A “SEDE DE APOIO” é um critério crucial na examinação do funcionamento dos REGIMES mais ou menos parlamentares. Para Adriano Moreira, em regimes democráticos, a sede do exercício do poder é entregue ao partido maioritário legítimo, e do ponto de vista da física do poder, tem maiores probabilidades de ver as suas decisões liberalmente obedecidas, por ser o que demonstra maior “SEDE DE APOIO OU DE ADESÃO” (dos grupos em gerais do sistema político).
 
ASSIM, podemos concluir que a “SEDE DO EXERCÍCIO DO PODER” assenta na autoridade carismática do aparelho legítimo e legal do poder, e concordamos, deste modo, com José Fernando, ao interpretar Adriano Moreira, que tal sede interliga-se com a “SEDE DE APOIO DO PODER”, uma vez que, em regimes democráticos, pluralistas ou em processo de democratização, este apoio se manisfesta de forma ativa baseada em militância, e de forma passiva baseada na obediência silenciosa, caso contrário, a sede de exercício deixa de se manifestar.
 
PORTANTO, trata-se de uma teoria exigente, que exige um desenvolvimento abrangente.
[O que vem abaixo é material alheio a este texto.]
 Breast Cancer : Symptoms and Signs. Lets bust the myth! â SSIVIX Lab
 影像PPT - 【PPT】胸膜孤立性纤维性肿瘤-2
Pois, a teoria da sede do poder nos remete a análise dos regimes e sistemas políticos e os elementos funcionais da “ESTRUTURA ESTADUAL E POLÍTICA”. Factores que Adriano Moreira não dispensou na sua obra sobre “CIÊNCIA POLÍTICA”, que nos serviu de fonte para o homenagear e enfatizá-lo como um pensador imortal da “CIÊNCIA POLÍTICA, DO DIREITO PÚBLICO E DAS RELAÇÕES INTERNACIONAIS”.
 
DORIVALDO MANUEL – Cientista Político pela Universidade Agostinho Neto – Faculdade de Ciências Sociais.
 
 
 
(Texto de reflexão sobre um estudo em construção).